DES MOINES, Iowa — Project management delivered over the Web has proven to be just the elixir Jeff Falk needed to really help things gel at the office.
Falk is director of product development at The Members Group, a provider of card processing, ACH and related services to a little more than 200 credit unions. He's responsible for overseeing more than 200 projects at any given time, keeping things moving among more than 150 employees at four locations.
To create order from such potential chaos, Falk and his colleagues use a project portfolio management (PPM) solution from San Francisco-based Innotas.
Delivered over the Web as an on-demand software-as-a-service (SaaS), the Innotas tools provide centralized collaboration, communication across the organization and the ability to do away with what Falk called “islands of data”–disparate spreadsheets, e-mails, even hand-written notes–that obscured progress and even hid some projects from view.
TMG is currently using the Innotas solution in four segments, Falk said.
“One is for folks filling a project management role. Another is folks fulfilling a resource management role. A third is the team member segment: people not necessarily managing but who are contributors to the team with specific tasks. And the fourth segment is the executive level [including] senior management with a view across all projects,” he said.
At TMG, projects generally involve “onboarding new credit union clients to our processing platforms,” Falk said. Each client is served by a project team that includes experts in marketing, settling and the technologies that connect them.
There also are what Falk called infrastructure projects, such as implementing a new e-mail server. Unlike the cross-disciplinary onboarding team, these projects are confined to staffers, “such as network and technology folks, people who pretty much stay within that realm,” he said. Other examples include projects that involved only the human resources department, like a benefits analysis.
Each of these disparate functions now fit into one centralized database, managed off-site by software built from the ground up for delivery over the Web.

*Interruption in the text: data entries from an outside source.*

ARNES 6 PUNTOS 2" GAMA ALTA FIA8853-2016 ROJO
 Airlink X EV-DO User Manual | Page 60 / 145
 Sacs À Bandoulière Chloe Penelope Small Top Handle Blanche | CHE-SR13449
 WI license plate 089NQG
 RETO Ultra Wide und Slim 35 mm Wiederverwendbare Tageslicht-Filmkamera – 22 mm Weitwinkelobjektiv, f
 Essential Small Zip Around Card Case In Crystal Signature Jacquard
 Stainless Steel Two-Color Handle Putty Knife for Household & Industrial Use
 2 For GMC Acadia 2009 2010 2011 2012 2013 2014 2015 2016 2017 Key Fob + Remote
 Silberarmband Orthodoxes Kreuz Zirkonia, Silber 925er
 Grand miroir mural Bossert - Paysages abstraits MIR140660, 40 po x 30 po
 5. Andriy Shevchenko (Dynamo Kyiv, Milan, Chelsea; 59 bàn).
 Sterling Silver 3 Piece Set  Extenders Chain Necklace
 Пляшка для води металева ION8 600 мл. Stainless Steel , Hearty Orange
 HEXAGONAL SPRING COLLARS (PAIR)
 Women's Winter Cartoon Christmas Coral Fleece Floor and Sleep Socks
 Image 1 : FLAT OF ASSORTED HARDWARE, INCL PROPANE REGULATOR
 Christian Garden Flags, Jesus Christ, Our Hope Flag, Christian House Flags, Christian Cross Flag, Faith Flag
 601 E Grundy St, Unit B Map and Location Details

“Now we can easily collaborate within the solution,” Falk said. “Instead of having to send an external e-mail and figuring out what project you're talking about, you can see the whole thing at once…all the associated documents, all the chats. Everything that's going on, and without the time-consuming processes we had before.”
Prior to Innotas, TMG ran an in-house PPM solution that required a site license, installation on servers and then maintenance that included patches.
“With our environment becoming more and more complex, it was just another piece in our infrastructure that, to be honest with you, I got tired of wrestling every time a new patch came out,” Falk said.
That earlier software–termed “bloatware” by Falk–also had more features than were needed. Being able to go to the Web to just use functions as they are needed has eliminated that bloat, Falk said.
Ease of use is another plus. Falk said his new system makes reports easy to pull, instead of requiring IT help as with the old PPM software.
The efficiencies also manifest when all those islands of data are connected at TMG, Falk said. “One thing these kinds of solutions really allow you to do is get your arms wrapped around the number of projects you do have,” he said.
“We found some that were only getting one or two hours of work a month and were sort of dying on the vine, and we found that we could eliminate 25% to 50% of the projects we have going on at any one time just by having that kind of visibility,” Falk said.
Bottom line to someone whose title is director of product development?
“This all runs right into cost,” Falk said. “The longer projects take, the more they cost. Plus, in our environment, the more clients we can get on board, the better off we are, and we like to think the better off our clients are, too.
“When we're cutting 10% to 25% off our time to launch with projects and new products, that helps everyone involved,” he said.